Taking the line with "Baseball Dad Patriotic" as the first and the line with "1880 1883-O 1885" as the last, set down exactly every line in that range from the entries below, and no more.

[Recorded data]

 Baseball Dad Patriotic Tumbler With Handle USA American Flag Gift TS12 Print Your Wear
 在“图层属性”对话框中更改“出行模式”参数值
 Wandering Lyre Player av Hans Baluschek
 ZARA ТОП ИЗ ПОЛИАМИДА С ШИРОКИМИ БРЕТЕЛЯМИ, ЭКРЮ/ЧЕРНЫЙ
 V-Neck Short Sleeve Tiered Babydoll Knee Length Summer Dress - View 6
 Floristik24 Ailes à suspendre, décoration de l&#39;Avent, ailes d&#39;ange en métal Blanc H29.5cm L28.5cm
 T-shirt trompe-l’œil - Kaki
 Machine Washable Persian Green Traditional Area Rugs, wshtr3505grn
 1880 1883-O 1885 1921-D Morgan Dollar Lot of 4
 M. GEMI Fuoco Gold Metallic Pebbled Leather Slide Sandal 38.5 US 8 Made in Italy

[/Recorded data]
[Recorded data]

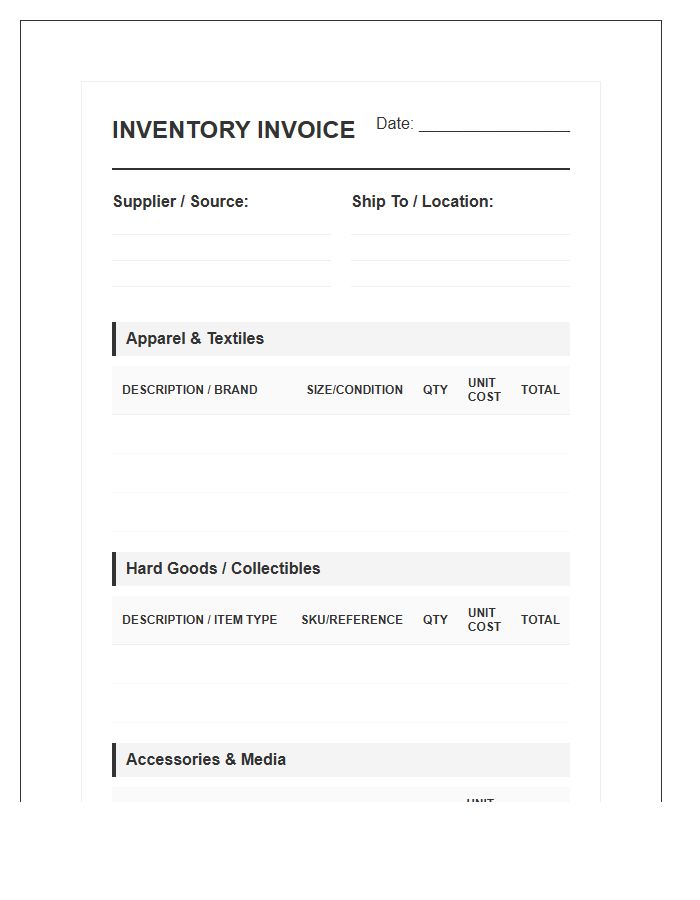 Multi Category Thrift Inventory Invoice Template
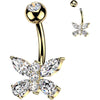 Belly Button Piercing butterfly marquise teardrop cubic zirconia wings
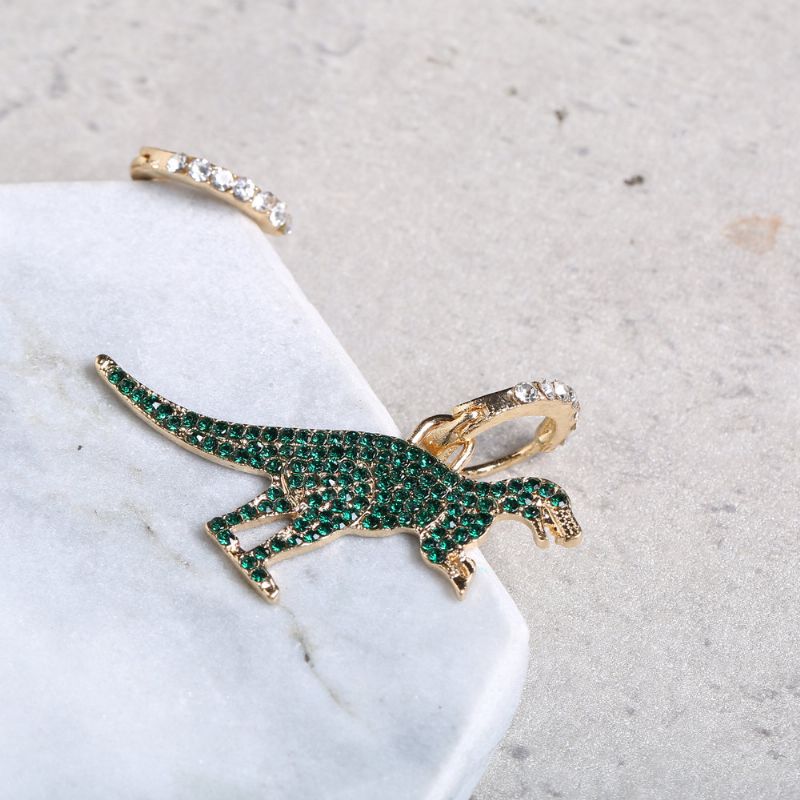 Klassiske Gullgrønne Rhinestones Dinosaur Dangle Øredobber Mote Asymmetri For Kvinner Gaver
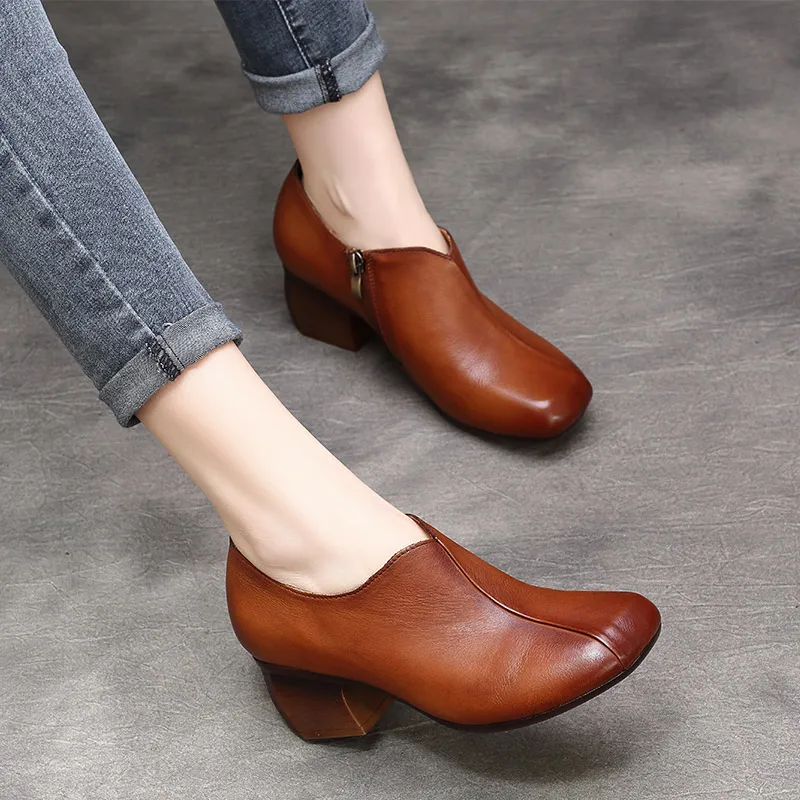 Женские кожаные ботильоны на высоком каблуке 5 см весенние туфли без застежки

[/Recorded data]

- **Solution to the exercise**
 Baseball Dad Patriotic Tumbler With Handle USA American Flag Gift TS12 Print Your Wear
 在“图层属性”对话框中更改“出行模式”参数值
 Wandering Lyre Player av Hans Baluschek
 ZARA ТОП ИЗ ПОЛИАМИДА С ШИРОКИМИ БРЕТЕЛЯМИ, ЭКРЮ/ЧЕРНЫЙ
 V-Neck Short Sleeve Tiered Babydoll Knee Length Summer Dress - View 6
 Floristik24 Ailes à suspendre, décoration de l&#39;Avent, ailes d&#39;ange en métal Blanc H29.5cm L28.5cm
 T-shirt trompe-l’œil - Kaki
 Machine Washable Persian Green Traditional Area Rugs, wshtr3505grn
 1880 1883-O 1885 1921-D Morgan Dollar Lot of 4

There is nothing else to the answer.